Much of this rally was driven by the drop in interest rates. The 10-year treasury yield declined from a high of 4.99% on October 19 to a low of 3.78% on December 27. This decline in yields and the subsequent equity rally was induced by market speculation that the FOMC is done hiking rates and is in fact potentially going to be cutting rates as early as this year.

IIAA 1-5-24

This has led to extreme optimism by investors. The AAII investor sentiment survey reached extreme optimism levels in December. The percentage of bullish respondents reached over 50% briefly and the spread between the bulls and bears exceeded 30%. This can be considered euphoric by most standards.

There are two great quotes that some to mind:

"Bull markets are born on pessimism, grown on skepticism, mature on optimism and die on euphoria. The time of maximum pessimism is the best time to buy and the time of maximum optimism if the best time to sell."

       - John Templeton

"Be Fearful when others are greedy and be greedy when others are fearful."
     - Warren Buffet

I am not intending for these quotes to be advice, but they should serve as a framework for how two of the greatest investors of all time view the markets. As such, the AAII investors sentiment survey often serves as a contrarian indicator.

YC & Recession 1-5-24

Lower treasury yields because of the renewed rate cut expectation fueled the rally. The unintended consequences of the longer dated yields dropping, while short term yields remained steady, is the yield curves have started to invert once again. This is causing forward-looking recession probabilities to spike back up. The current probabilities peak at over 70% in April of 2024 and then spike higher to 62.94% in December of 2024.

We have spoken about it many times before, to declare victory over inflation and confirm a soft landing, the yield curves would need to normalize on a sustainable basis without a recession occurring. Something that has yet to happen.

Dow Theory

It’s not just the yield curve that gives us a cause for pause. According to Dow Theory, one of the oldest technical indicators in existence, the Dow Jones Industrial Average (DJIA) highs should be confirmed with a new high in the Dow Jones Transportation Average (DJTA) as well.

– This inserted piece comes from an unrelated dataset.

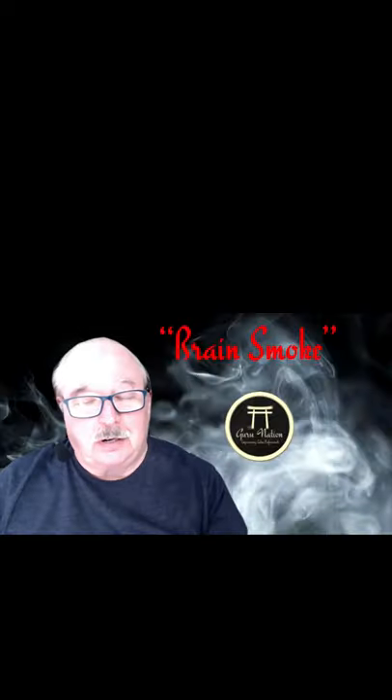Hi guys, Dennis Gebhardt here with Guru Nation. How are you doing? Time for a little brain smoke today.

The new all-time high in the DJIA (Blue Line) was not confirmed with a new high in the DJTA (Orange Line). Instead, the transportation average made a lower high, which is often considered a bearish divergence according to Dow Theory. A similar divergence took place around January of 2022.

The purpose of this post is not to instill fear. It is simply intended as a word of caution. There are still a lot of headwinds. Granted, we can say this about any market, but over the past couple of years we have been rewarded for focusing on the data. It kept us out of the recession crowd in 2022. This was a market riddled with low recession probabilities and extreme oversold conditions. Quite the opposite of what we are experiencing today.

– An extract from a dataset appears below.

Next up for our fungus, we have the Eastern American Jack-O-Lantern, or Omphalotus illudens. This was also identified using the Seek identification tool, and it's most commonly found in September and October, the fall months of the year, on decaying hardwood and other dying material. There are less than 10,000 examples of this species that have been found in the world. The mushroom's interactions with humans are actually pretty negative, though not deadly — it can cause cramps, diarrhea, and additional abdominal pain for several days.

The most dangerous moments in the markets are the ones where investors have become complacent. That is where we are today.

Make sure you check in on your portfolio. Have you recently rebalanced it? The big run up recently may have caused your asset allocation to shift. This could introduce unintended risk.

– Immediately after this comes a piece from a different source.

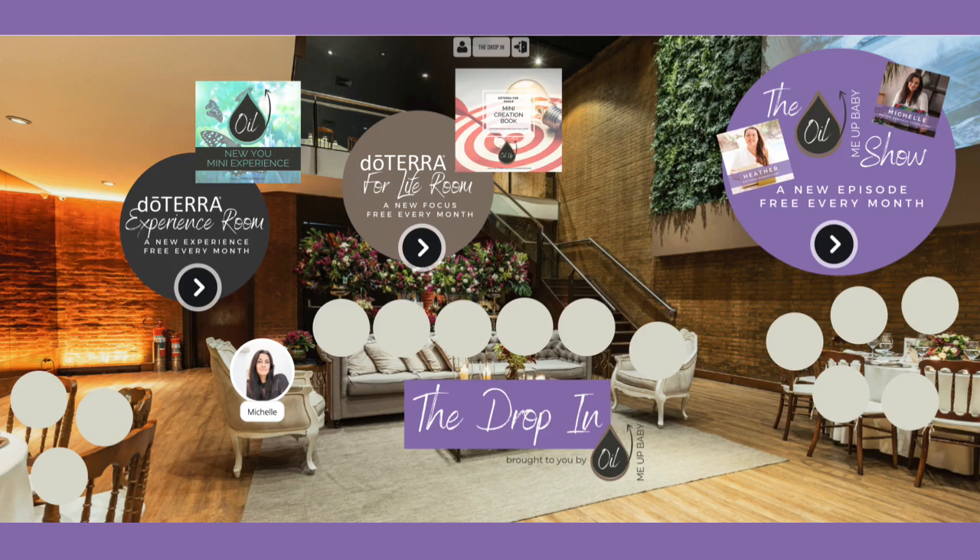Hi and welcome to All Me Up Baby. My name is Michelle Dale and I have the absolute privilege of being able to introduce you now to a brand new feature in All Me Up Baby which we call The Drop-In. Everyone is welcome to The Drop-In whether you already have a doTERRA account or whether you don't. You're so welcome here and I'm going to walk you around and show you what's going to be inside The Drop-In. These rooms are going to be updated every single month with brand new content and brand new resources for you to use, all made by doTERRA.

Have you stress tested your existing allocation? Do you understand the full downside potential of your holdings and asset allocation in different scenarios, such as a recession or reemergence of inflation?

Given risk-free rates are over 5% today, the hurdle for forward looking returns in risk assets is very high, especially as the risk is currently elevated at these lofty market levels.

Stay vigilant, be patient and at least consider the advice of two of the greatest investors of all time. Is this a market they would be putting money to work in?